Sunday, January 12, 2025

Curry, My Love

Spoiler Alert: You won't find a recipe at the end of this post. It is instead a love story, my personal ode to the versatile, delicious, globally beloved curry.  
Growing up in 80s, in the upper Midwest Great Lakes Region, I never experienced a curry dish. I don't recall my mother ever making curries to stretch veggies and meat. In fact, I don't even remember if she kept curry powder in her huge cache of spices. I also never had curry at the homes of relatives and friends or at restaurants. I am not sure I would have understood what curry was if I had been asked to describe it as a child.

The first time I tried curry was with my friend B at this new Thai restaurant that had sprung up in our city. This would have been around 1990 and I was in my late teenage years. I had also been a vegetarian for 4 or so years. I had no idea what it was, but I ordered the yellow curry and I can still remember how much I loved the pineapples in it. It's wild to think how this was such a new taste for me and, to date, Thai curries are still some of my top favorite curries. Around the same time, an Indian restaurant opened up and I discovered even more curries: Madras, dals, tikka masala, Rogan Josh. My little Midwest world literally expanded each time I found a new curry to try. 

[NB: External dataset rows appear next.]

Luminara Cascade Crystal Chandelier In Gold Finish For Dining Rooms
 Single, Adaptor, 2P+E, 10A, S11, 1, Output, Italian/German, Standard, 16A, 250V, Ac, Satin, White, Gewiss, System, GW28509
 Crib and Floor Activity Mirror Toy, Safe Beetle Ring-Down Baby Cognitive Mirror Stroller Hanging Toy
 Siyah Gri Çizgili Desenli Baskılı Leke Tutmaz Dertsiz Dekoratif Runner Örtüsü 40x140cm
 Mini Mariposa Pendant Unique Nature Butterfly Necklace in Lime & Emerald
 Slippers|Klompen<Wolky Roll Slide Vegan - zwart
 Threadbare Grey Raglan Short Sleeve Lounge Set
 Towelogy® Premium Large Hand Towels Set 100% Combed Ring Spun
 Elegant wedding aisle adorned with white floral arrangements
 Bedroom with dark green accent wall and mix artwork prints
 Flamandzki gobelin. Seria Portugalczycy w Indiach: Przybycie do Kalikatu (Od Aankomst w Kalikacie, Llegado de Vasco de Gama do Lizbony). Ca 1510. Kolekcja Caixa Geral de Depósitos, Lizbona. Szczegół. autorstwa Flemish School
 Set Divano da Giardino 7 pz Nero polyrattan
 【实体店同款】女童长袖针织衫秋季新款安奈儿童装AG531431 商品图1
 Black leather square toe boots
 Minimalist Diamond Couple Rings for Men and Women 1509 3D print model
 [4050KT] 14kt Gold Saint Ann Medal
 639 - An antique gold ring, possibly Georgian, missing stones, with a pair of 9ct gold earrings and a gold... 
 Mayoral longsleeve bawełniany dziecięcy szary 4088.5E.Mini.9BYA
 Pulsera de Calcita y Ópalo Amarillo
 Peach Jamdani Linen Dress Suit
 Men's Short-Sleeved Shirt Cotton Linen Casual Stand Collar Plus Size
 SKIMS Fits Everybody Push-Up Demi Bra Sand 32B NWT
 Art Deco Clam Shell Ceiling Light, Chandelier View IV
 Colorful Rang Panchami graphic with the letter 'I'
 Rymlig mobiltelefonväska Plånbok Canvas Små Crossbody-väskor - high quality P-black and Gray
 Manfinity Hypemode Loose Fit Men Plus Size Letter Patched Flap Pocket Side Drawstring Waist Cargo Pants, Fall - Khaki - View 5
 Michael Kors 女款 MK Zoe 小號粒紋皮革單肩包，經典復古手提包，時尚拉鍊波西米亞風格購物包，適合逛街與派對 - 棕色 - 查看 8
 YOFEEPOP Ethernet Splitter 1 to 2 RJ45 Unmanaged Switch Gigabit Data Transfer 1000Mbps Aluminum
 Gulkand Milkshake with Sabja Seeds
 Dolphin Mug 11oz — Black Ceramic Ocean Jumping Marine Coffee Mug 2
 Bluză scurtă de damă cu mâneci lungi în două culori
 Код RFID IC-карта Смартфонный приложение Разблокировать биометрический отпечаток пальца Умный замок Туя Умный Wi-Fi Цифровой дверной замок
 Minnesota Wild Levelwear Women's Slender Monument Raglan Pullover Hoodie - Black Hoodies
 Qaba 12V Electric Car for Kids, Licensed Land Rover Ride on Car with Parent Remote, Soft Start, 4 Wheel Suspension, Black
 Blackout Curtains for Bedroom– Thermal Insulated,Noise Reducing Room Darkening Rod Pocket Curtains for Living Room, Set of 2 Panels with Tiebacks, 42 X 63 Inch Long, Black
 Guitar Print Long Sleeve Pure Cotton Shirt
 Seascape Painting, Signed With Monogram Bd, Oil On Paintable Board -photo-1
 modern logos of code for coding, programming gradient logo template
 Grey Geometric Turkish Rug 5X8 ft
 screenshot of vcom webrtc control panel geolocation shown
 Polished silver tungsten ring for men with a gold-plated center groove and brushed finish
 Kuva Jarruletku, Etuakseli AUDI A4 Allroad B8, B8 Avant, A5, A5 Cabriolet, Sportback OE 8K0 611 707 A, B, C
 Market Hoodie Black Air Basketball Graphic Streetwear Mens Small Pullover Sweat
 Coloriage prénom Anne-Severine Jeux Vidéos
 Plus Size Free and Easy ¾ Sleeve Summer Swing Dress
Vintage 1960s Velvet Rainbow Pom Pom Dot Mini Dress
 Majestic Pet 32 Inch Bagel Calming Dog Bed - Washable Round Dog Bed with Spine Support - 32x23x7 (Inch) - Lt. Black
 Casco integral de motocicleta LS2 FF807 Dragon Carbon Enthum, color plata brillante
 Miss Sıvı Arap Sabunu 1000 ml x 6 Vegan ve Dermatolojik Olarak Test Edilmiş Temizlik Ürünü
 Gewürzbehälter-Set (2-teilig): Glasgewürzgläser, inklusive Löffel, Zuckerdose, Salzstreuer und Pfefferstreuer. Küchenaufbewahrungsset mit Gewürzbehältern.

 Later, I discovered ones from Japan, Carribean, Europe, Korea, Vietnam, Africa, so many places contributing a unique spin on the broad taste of curries and encouraging my lifelong love affair with its spicy, saucy goodness. What does surprise me a bit is how long it took for me to find curry. I mean punk rockers and the PETA-card carrying youth of my youth all depended on curries to feed them cheaply and healthily. I've read so many biographies where after a show, the band was fed a cheap, wholesome curry. For more on the punk rock connection to curry, read the cookbook/memoir Please Feed Me by Naill McGuirk. He talks about the curries that sustained them when they had no money to pay the punk bands circulating through Scotland. I also have a very hazy memory of hearing about curry from the Young Ones. I'm sure as a teen I also saw recipes in the PETA newsletters B gave me (from his mother who was a very early supporter of the organization) and the 'zines that were circulating. Where was my curiosity? Did I ever contemplate making curry? Did I eat one and not know it was curry?

 
Circa 1993 eating something not curry

I do remember sometime around 1993, B, another friend and I made a veg curry using a steamer he had thrifted. We didn't call it a curry, but I am pretty sure that is what it was. We basically made it up as we went along and it was yummy; I remember it vividly to this day. It turns out, even though we did not come from a traditional curry culture or even called our concoction "curry", we nailed the basic concept of what constitutes a curry by smothering steamed veggies under a spicy sauce. It took me probably a decade later before I would come to depend on curries for regular meal planning and my own curries, I consider to be very different from the ones I order at restaurants specializing in a particular cultural curry. But that is one of the very lovely aspects of curry.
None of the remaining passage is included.